Immigrant rights activists hold up a fabric wall to protest against Republican presidential candidate Donald Trump, Wednesday, July 20, 2016, in Cleveland, during the third day of the Republican convention.(AP Photo/Patrick Semansky)

Fabric wall to protest against Republican presidential candidate Donald Trump, Wednesday, July 20, 2016, in Cleveland, during the third day of the Republican convention.(AP Photo/Patrick Semansky)

New Orleans   Having just returned from euro-world, I have to admit that I was surprised I wasn’t asked more questions about Donald Trump. During George W’s time, the questions were endless and strident. War does that to people.

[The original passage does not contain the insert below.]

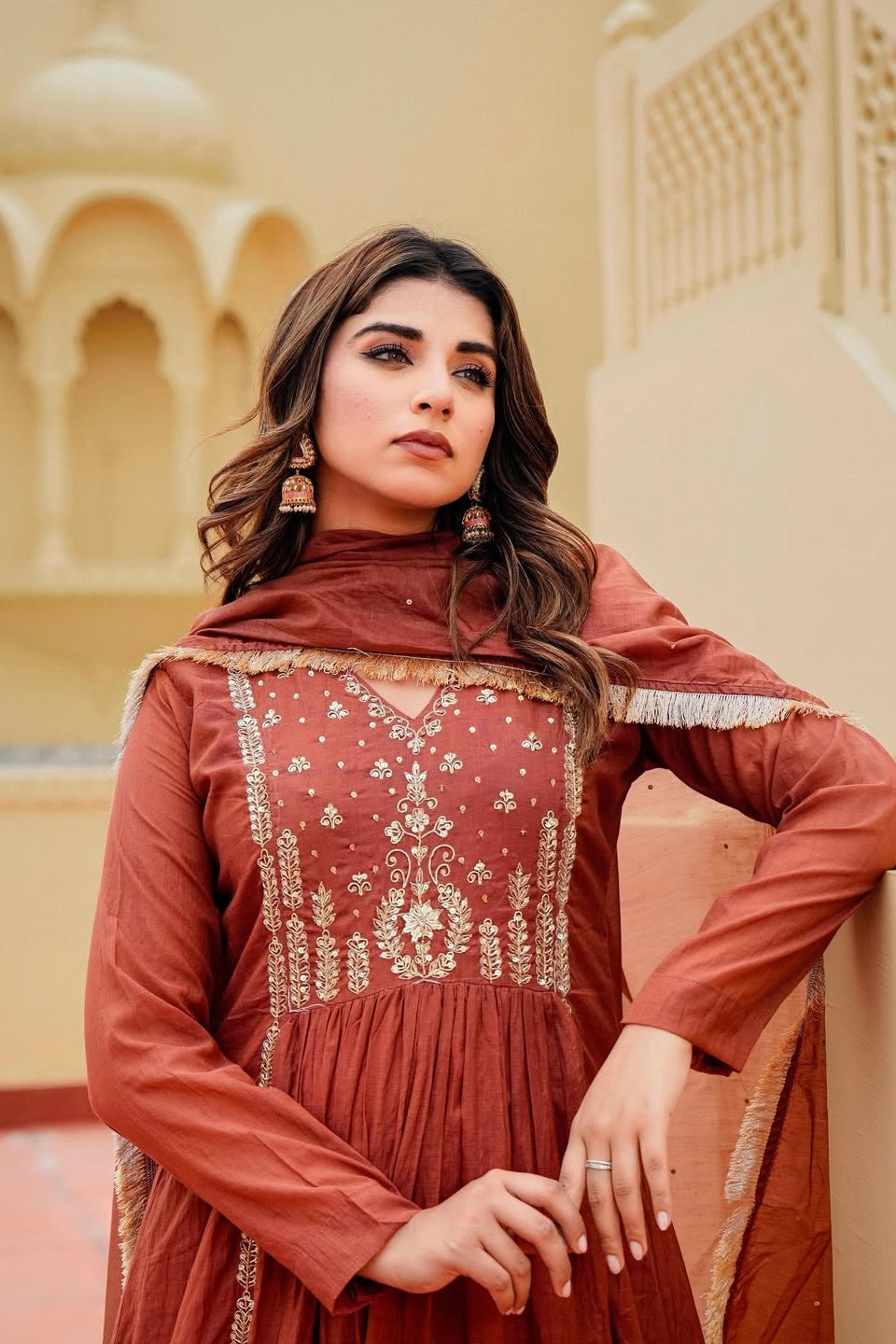“Anya” Rust Brown Mul Chanderi anarkali kurta set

Folks brought up Trump for sure, but mostly with a smile on their face, not taking him seriously, though that would be a mistake, and in some ways not so much frightened by him as they were by Bush, but more amused at what they saw as America’s embarrassment at the hands of the crazy uncle coming out of the closet after the dignity, regardless of any disappointments, of Obama.

Now that I’m back and parsing the recent Republican National Convention, I have to ask myself, “can fear and hate alone win an election?” The answer is of course, yes, but we’ve never seen ourselves as pre-war Germany or Bosnia or Rwanda or modern Poland or Turkey after the recent coup, so it’s a stretch. Even jaded observers like myself, keep repeating a mantra to ourselves that “it can’t happen here.” But, in some ways that’s channeling our inner-Pollyanna, because it is happening here at the state level in places like Arizona, Kansas, and way too much of Texas. There’s also something that has been in the water in Wisconsin in recent years that makes you wonder what happened to that bastion of liberalism and labor strength?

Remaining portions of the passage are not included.